As I don't think Spitfire has a competing product, Soniccouture Geosonics might be good for this as well - lots of samples of glaciers calving etc which can be turned into all sorts of sound design pads etc. 

Or maybe the film-maker for the film your scoring has a lot of recorded sounds from the arctic that you could mangle in some synthesiser plugin that allows you to load your own samples (not mentioning any names as Spitfire may have something like this)


----------



## juliancisneros (Oct 21, 2017)

The Darris said:


> Julian, hope you're well man. I strongly recommend Olafur Arnolds Evolutions if you don't already have it. It's extremely great for that and it containing soloists, it has a more intimate sound which I think works very well for what you are going for. Just a thought as I own all the evos to but that one stands out from the pack a lot.
> 
> -Chris



Hey Chris... great to hear from you.

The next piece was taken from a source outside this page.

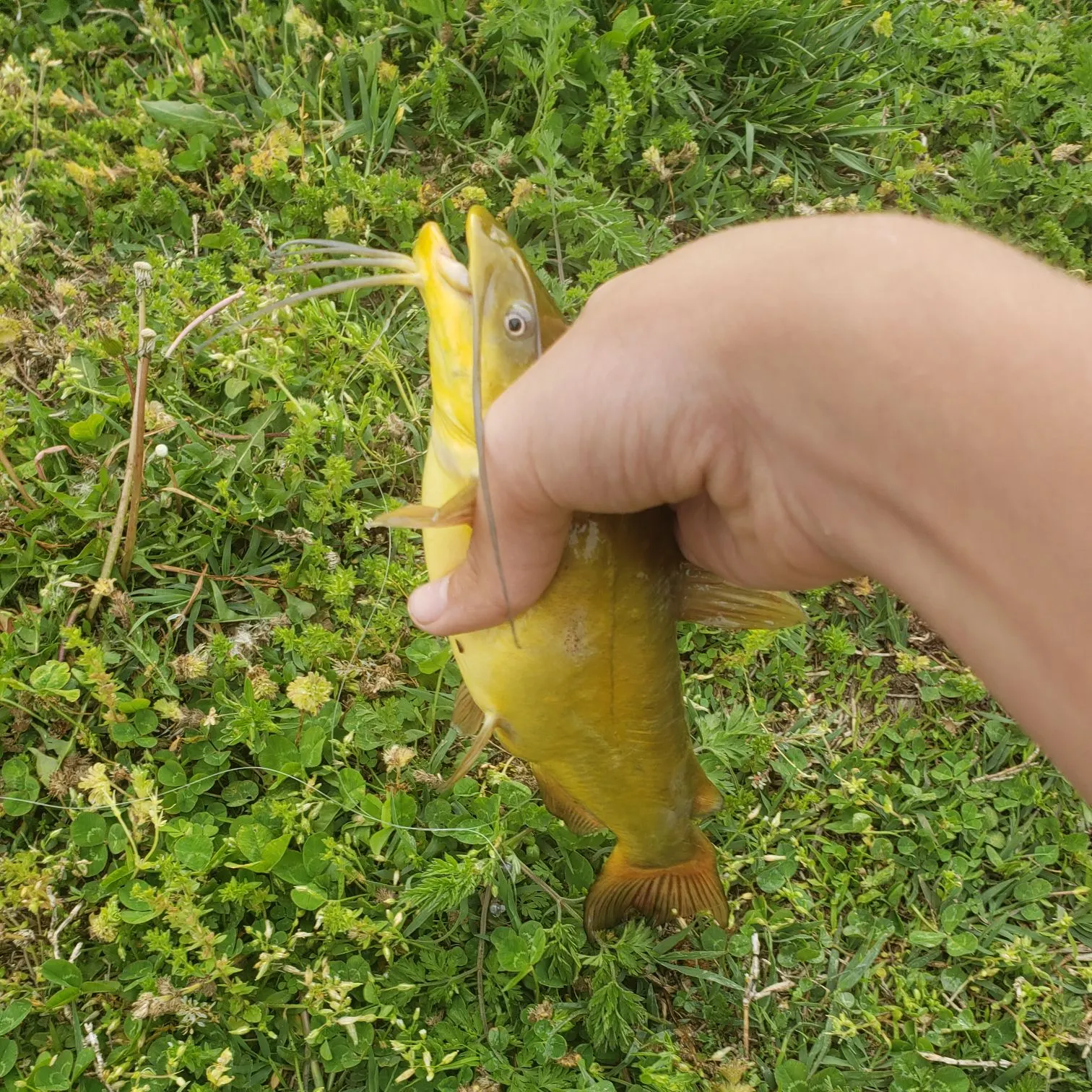 The most recent Yellow bullhead catches on Fishbrain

I was actually just using OA Evo this morning and remembered I needed to respond to you here! haha. Yea, such a great instrument and the stripped down nature of it is perfect for framing intimate moments. I've even used just one single note to capture that perfect random flourish when needed.


----------



## juliancisneros (Oct 21, 2017)

Lode_Runner said:


> Or maybe the film-maker for the film your scoring has a lot of recorded sounds from the arctic that you could mangle



Source material... great tip. I can't remember if Phobos allows me to drag and drop audio, I'll have to take another look at it.


----------



## thesteelydane (Oct 22, 2017)

juliancisneros said:


> Source material... great tip. I can't remember if Phobos allows me to drag and drop audio, I'll have to take another look at it.

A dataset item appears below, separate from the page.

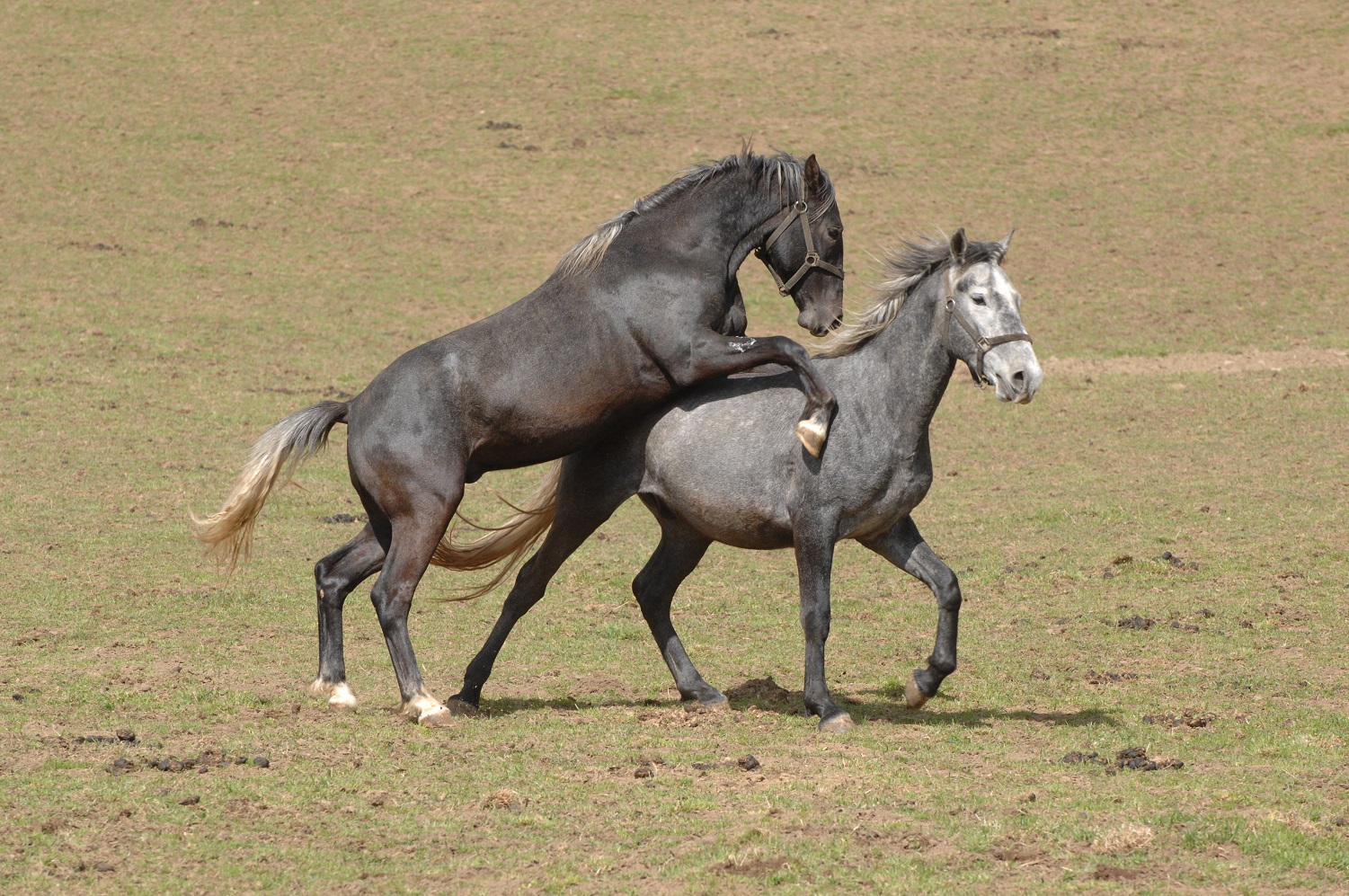 Social behaviour in the horse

It doesn't, but their eDna engine does, if you don't mind going under the hood in Kontakt.


----------



## tehreal (Oct 22, 2017)

Hmmm... I'm guessing this is an LCO expansion. If I'm right do I win something? T-shirt?


----------



## AdamKmusic (Oct 23, 2017)

tehreal said:


> Hmmm... I'm guessing this is an LCO expansion. If I'm right do I win something? T-shirt?


The title says “New library” so it won’t be an expansion


----------



## oliverd (Oct 23, 2017)

I'm hoping its going to be another Olafur library...Olfaur Ensembles like was mentioned in one of Christians videos a while back. Although NOVO 01 is a close competitor in that space now. Hoping we see a few more of those "delicate" string libraries


----------



## Darren Durann (Oct 23, 2017)

You know, this might sound strange or not entirely appropriate, but I think I'm completely good with Spitfire until they release more dry libraries. I'm using the Albions (except IV) and Evos (except IV) less and less because of the difficulty of working them in with other libraries (they tend to have an often disagreeable smoothing effect when combined with drier libraries like EW). I mean, used in and of themselves on a project they're fine, but that's a rare thing for me. Only the Bernard Herrmann Toolkit is still getting used by my for final mockups (for obvious reasons). I also wasn't really that impressed with SSStrings, a great deal of regret is associated with that purchase.

But hey, that's just me. To be sure, it's just as I said above, if you plan on only using the less dry SF libraries in a project you're usually fine, and they sound very good. I just prefer more malleable libraries, like EW and some of the Hein.

I should mention, I don't know anything about the HZ percussion libraries.

Get rid of all that room sound, SF, and I'll be buying again.


----------



## N.Caffrey (Oct 23, 2017)

oliverd said:


> I'm hoping its going to be another Olafur library...Olfaur Ensembles like was mentioned in one of Christians videos a while back. Although NOVO 01 is a close competitor in that space now. Hoping we see a few more of those "delicate" string libraries


Bingo.


----------



## Puzzlefactory (Oct 23, 2017)

About time. It's been at least a couple of weeks since they released something...


----------



## JPQ (Oct 23, 2017)

Nice freebie to test how heavy at least something form Spitfire is my computer which indeed limits much but income also limits much.


----------



## ok_tan (Oct 23, 2017)

Puzzlefactory said:


> About time. It's been at least a couple of weeks since they released something...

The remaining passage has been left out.